Ex-Cabinet Officials To Co-Chair Task Force To Prevent Genocide

EX-CABINET OFFICIALS TO CO-CHAIR TASK FORCE TO PREVENT GENOCIDE
Silvio Carrillo

CNN
Nov 14 2007

WASHINGTON (CNN) — Former Secretary of State Madeleine Albright and
former Secretary of Defense William Cohen announced Tuesday they
will co-chair a task force to develop guidelines to help future
U.S. governments deal with genocide.

Madeleine Albright said the idea for the task force came from the
failure of genocide prevention worldwide.

"What we know is that the world for a long time has said that genocide
is unacceptable," Albright said at a news conference. "And yet,
genocide continues and mass killings continue, and our challenge
basically is to match the words with deeds and actions to stop these
kinds of unacceptable acts."

The Genocide Prevention Task Force will be jointly convened by the
U.S. Institute for Peace, the Holocaust Museum and the American Academy
of Diplomacy. It will focus on early warning, pre-crisis engagement,
preventive diplomacy, military intervention, and international
institutions in affected countries or regions.

A report will be issued in December of next year with the first
high-level assessment of U.S. policies and practices in the area
of genocide prevention. Organizers are calling it an "operational
blueprint for preventing and responding to genocide and mass
atrocities."

It is a need that has recently arisen, according to Cohen, because
of the speed at which information is disseminated.

"Because we live in this age of information … we can no longer live
in a state of denial or willful indifference," he said. "And so the
purpose of this task force is to look to the past, to be sure, but to
look forward to say, ‘What are the signs, what are the options that
will be available to the United States as one of the leading forces
to help shape multilateral action, to energize people of conscience,
to say that this cannot happen, this is not tolerable?’ "

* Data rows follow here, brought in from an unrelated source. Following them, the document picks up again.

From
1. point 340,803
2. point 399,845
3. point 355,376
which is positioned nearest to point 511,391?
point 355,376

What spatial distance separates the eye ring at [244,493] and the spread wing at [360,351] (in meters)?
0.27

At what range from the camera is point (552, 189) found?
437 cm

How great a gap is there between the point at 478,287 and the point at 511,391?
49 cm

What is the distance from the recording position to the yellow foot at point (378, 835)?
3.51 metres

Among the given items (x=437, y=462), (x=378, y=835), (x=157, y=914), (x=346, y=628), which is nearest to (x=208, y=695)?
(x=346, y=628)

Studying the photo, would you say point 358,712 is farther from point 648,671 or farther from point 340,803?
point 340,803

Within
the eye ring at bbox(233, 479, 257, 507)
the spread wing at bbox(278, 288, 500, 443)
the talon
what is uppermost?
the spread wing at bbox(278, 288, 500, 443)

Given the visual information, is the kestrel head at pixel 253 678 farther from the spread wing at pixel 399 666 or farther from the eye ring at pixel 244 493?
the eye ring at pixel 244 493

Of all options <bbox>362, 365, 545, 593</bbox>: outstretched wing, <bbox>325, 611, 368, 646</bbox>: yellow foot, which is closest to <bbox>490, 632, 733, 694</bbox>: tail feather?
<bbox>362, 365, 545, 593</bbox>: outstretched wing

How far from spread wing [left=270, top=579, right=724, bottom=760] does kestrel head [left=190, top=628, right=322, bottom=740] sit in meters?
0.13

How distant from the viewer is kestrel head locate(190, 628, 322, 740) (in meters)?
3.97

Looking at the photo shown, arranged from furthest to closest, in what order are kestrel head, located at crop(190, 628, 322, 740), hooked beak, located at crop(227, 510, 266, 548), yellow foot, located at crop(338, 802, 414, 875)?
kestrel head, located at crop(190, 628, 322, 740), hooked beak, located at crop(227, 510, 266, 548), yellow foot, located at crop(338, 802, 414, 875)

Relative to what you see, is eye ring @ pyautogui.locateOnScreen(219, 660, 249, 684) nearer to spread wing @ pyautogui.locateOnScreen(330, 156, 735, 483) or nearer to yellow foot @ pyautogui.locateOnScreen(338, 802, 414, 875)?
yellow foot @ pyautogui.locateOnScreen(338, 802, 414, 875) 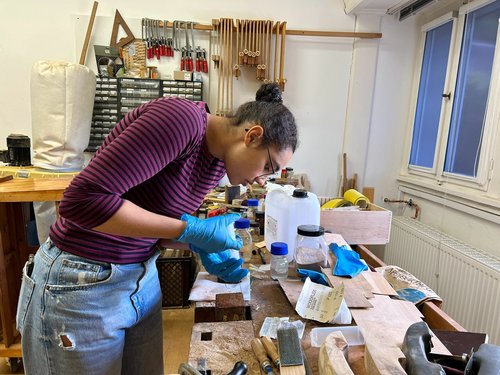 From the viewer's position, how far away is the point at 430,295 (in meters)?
1.18

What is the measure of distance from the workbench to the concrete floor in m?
0.91

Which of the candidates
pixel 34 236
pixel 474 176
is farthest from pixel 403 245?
pixel 34 236

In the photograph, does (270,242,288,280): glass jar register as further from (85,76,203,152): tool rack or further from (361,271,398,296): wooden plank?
(85,76,203,152): tool rack

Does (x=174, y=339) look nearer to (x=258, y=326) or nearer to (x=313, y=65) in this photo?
(x=258, y=326)

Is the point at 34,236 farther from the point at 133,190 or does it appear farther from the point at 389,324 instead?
the point at 389,324

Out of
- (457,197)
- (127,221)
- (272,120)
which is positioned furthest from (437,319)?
(457,197)

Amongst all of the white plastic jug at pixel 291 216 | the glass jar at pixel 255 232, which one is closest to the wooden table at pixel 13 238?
the glass jar at pixel 255 232

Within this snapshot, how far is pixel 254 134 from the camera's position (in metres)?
0.76

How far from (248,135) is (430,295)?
0.98m

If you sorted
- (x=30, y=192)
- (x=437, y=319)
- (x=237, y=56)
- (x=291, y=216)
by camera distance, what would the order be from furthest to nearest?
(x=237, y=56) → (x=30, y=192) → (x=291, y=216) → (x=437, y=319)

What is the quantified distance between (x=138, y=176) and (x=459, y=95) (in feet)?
8.43

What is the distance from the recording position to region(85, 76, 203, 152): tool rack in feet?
8.73

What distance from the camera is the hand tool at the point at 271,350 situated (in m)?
0.63

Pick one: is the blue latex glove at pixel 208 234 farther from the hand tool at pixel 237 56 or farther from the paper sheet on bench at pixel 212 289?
the hand tool at pixel 237 56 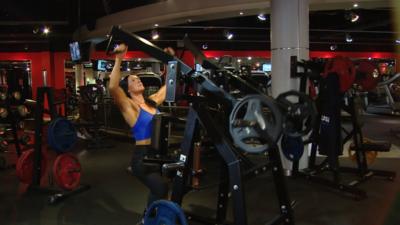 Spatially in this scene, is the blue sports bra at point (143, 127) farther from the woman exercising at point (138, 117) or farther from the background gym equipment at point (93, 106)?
the background gym equipment at point (93, 106)

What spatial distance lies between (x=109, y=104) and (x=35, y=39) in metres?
7.41

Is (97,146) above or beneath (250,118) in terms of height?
beneath

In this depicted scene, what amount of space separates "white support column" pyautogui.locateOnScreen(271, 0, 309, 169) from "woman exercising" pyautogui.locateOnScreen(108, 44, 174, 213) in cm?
247

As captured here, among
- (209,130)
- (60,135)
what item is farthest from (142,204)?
(209,130)

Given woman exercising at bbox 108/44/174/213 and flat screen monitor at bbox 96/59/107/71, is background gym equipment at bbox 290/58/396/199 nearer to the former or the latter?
woman exercising at bbox 108/44/174/213

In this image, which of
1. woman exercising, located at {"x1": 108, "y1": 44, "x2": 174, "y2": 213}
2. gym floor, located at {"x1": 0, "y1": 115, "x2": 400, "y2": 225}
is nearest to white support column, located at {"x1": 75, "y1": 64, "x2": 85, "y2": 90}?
gym floor, located at {"x1": 0, "y1": 115, "x2": 400, "y2": 225}

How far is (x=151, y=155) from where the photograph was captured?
3.23 meters

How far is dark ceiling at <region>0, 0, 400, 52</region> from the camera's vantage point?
11766mm

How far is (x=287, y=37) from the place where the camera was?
18.6 ft

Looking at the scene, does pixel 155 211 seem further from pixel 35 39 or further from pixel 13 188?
pixel 35 39

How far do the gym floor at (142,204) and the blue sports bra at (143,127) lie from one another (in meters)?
1.05

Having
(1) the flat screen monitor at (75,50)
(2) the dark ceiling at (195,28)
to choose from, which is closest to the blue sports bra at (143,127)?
(2) the dark ceiling at (195,28)

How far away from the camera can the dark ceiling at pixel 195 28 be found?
11.8m

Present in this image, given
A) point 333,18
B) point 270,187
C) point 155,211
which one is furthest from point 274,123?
point 333,18
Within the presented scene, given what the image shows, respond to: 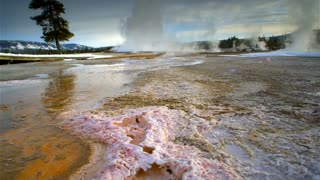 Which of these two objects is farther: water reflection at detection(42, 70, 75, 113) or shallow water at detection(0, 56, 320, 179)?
water reflection at detection(42, 70, 75, 113)

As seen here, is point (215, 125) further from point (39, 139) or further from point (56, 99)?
point (56, 99)

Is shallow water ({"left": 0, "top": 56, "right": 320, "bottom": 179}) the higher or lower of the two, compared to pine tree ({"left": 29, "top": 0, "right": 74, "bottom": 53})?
lower

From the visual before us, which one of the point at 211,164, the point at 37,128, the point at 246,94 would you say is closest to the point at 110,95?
the point at 37,128

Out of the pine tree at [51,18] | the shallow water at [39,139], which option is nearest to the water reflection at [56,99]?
the shallow water at [39,139]

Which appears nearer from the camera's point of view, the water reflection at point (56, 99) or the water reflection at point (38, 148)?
the water reflection at point (38, 148)

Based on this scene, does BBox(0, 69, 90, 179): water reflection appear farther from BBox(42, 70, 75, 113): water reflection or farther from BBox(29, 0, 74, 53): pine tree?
BBox(29, 0, 74, 53): pine tree

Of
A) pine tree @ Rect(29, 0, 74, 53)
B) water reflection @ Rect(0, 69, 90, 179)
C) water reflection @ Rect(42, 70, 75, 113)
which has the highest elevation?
pine tree @ Rect(29, 0, 74, 53)

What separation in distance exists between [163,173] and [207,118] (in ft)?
5.35

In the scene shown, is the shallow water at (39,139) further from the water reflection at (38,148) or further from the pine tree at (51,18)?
the pine tree at (51,18)

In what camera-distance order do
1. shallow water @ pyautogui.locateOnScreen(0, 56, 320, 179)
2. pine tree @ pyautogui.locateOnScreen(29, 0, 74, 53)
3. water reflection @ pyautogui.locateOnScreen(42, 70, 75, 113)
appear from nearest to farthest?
shallow water @ pyautogui.locateOnScreen(0, 56, 320, 179)
water reflection @ pyautogui.locateOnScreen(42, 70, 75, 113)
pine tree @ pyautogui.locateOnScreen(29, 0, 74, 53)

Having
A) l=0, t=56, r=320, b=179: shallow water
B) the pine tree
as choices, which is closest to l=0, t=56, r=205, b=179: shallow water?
l=0, t=56, r=320, b=179: shallow water

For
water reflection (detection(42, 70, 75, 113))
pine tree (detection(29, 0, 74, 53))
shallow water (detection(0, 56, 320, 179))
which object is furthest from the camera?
pine tree (detection(29, 0, 74, 53))

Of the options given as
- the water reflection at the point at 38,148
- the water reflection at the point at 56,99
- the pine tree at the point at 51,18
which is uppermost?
the pine tree at the point at 51,18

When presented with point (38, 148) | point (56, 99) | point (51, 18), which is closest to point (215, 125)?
point (38, 148) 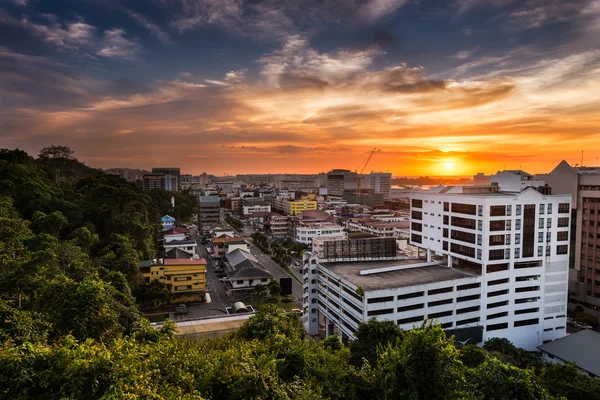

The international community heaped a lot of criticism on the United
States for not becoming involved in Rwanda’s 1994 internecine war and
for again reacting too late to Sudan in 2004, when then-Secretary
of State Colin Powell labeled the situation there a genocide. The
Sudanese government has denied that label is accurate.

"Things haven’t worked," Albright said. "And watching Darfur [Sudan],
I think, is one of the things that has led us all to say, ‘OK, let’s
give this all another try to see if there are some guidelines and if
— speaking of the United States government — if there is some way
to organize ourselves better to deal with it.’ "

She said the idea for the task force came from the unfortunate history
of failure of efforts to prevent genocide around the world.

"I would frankly say that this is as a result of frustration,"
she said. "That no matter what we say, there are mass killings and
genocide. And we want to see what we can do to make some reality to
the words ‘never again’."

Albright and Cohen spent much of the news conference’s
question-and-answer session defending a letter they sent to House
Speaker Nancy Pelosi, D-California, earlier this year, in which they
spoke against a House resolution that would have labeled as genocide
the mass killings of Armenians in 1915 by what is now Turkey. The
letter, signed by eight former Cabinet secretaries, including Albright,
Cohen and Powell, stated that discussion of the bill on the floor could
"strain our [United States] relations with Turkey, and would endanger
our national security interests in the region, including the safety
of our troops in Iraq and Afghanistan."

Neither backed down, stating that it is a complicated issue, especially
with regard to the war.

"There’s an element of pragmatism," Cohen said. "If someone else’s son
or daughter is in harm’s way, that is a factor that I, as a citizen
and I as a former secretary of defense, have to take into account
and would. And I think anyone serving in public office necessarily
has to have a set of balancing factors to take into account."

Albright concurred.

"Ultimately, when you’re in the government, as we both have been,
and you have to make very tough decisions, you have to look at the
overall picture. I think we have to admit that."